Consequence: The company would spend millions of dollars marketing and producing a drug that is not effective. Patients might be prescribed this new, likely more expensive, drug instead of the standard treatment, with no actual benefit.
(b) Type II Error:
Definition: A Type II error would be to conclude that the new drug does not reduce the average recovery time (μ = 18) when, in reality, the drug is effective and does reduce the average recovery time (μ < 18).
Consequence: An effective drug that could help people recover faster would be abandoned. The company would miss a major opportunity, and patients would be denied access to a superior treatment.
(c) More Dangerous Error:
From a patient's perspective, a Type I error is likely more dangerous. A patient might switch to the new, ineffective drug, potentially paying more and expecting a faster recovery that never comes. This could lead to prolonged illness and wasted resources. While a Type II error represents a missed opportunity for a better treatment, a Type I error involves actively using an ineffective one.
Problem 2:
A factory that produces cereal claims that the average weight of its "16-ounce" boxes is at least 16 ounces. A quality control inspector is concerned that the machine is under-filling the boxes. The inspector takes a random sample of boxes and performs a hypothesis test with the following hypotheses, using a significance level of α = 0.05:
H₀: μ = 16
Hₐ: μ < 16
(a) Describe a Type II error in this context and state a potential consequence.
(b) The inspector is considering increasing the sample size for the next test. What effect would this have on the probability of a Type II error? Explain.
Solution:
(a) Type II Error:
Definition: A Type II error would be to conclude that the average box weight is 16 ounces (failing to find evidence of under-filling) when, in reality, the machine is under-filling the boxes and the true average weight is less than 16 ounces (μ < 16).
Consequence: The company would continue to use a faulty machine, systematically cheating customers by selling them less cereal than advertised. This could lead to customer complaints, loss of brand reputation, and potential legal action if discovered.
(b) Effect of Increasing Sample Size:
Increasing the sample size would decrease the probability of a Type II error (β). A larger sample provides more information and a more precise estimate of the true mean weight. This makes the test more powerful, meaning it is more likely to detect that the machine is under-filling the boxes if that is truly the case.
Common Mistakes to Avoid
Generic Definitions: The most common mistake on the AP exam is defining Type I and Type II errors without using the specific context of the problem. Always refer to the parameters and hypotheses of the given scenario. Use the templates in the "How to Show Work on the FRQ" section.
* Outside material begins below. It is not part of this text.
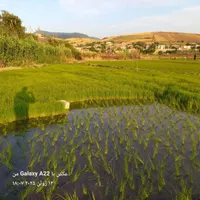 بذر شالی دم سیاه مینودشت
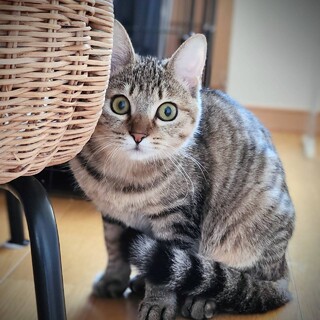 愛らしいはるか　キジの女の子　9か月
Confusing the Errors: A Type I error is when you Incorrectly reject a true H₀. A Type II error is when you make a mistake with two hypotheses (failing to reject a false H₀ when Hₐ is true). Another mnemonic: A Type I error is a "false alarm," while a Type II error is a "missed detection."
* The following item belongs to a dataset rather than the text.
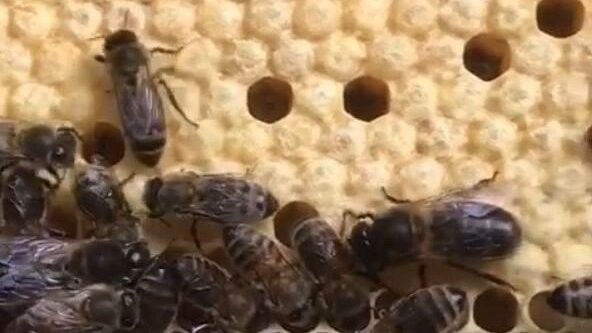 Eifrig sind die Bienen daran, sich um die Waben zu kümmern.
Confusing α and p-value: The significance level α is the pre-determined risk of a Type I error you are willing to accept (e.g., 5%). The p-value is a probability calculated from your sample data. You compare the p-value to α to make a decision. They are not the same thing.
Thinking α + β = 1: The probabilities of Type I and Type II errors are not complements. They have an inverse relationship (decreasing one tends to increase the other, all else being equal), but they do not sum to 1. Power and β are complements (Power = 1 - β).
Stating Consequences Vaguely: Be specific about the consequences. Don't just say "the company loses money." Explain how: "The company loses money by marketing and producing an ineffective drug." Don't just say "it's bad for customers." Explain why: "Customers will be sold underweight boxes of cereal, leading to dissatisfaction and complaints."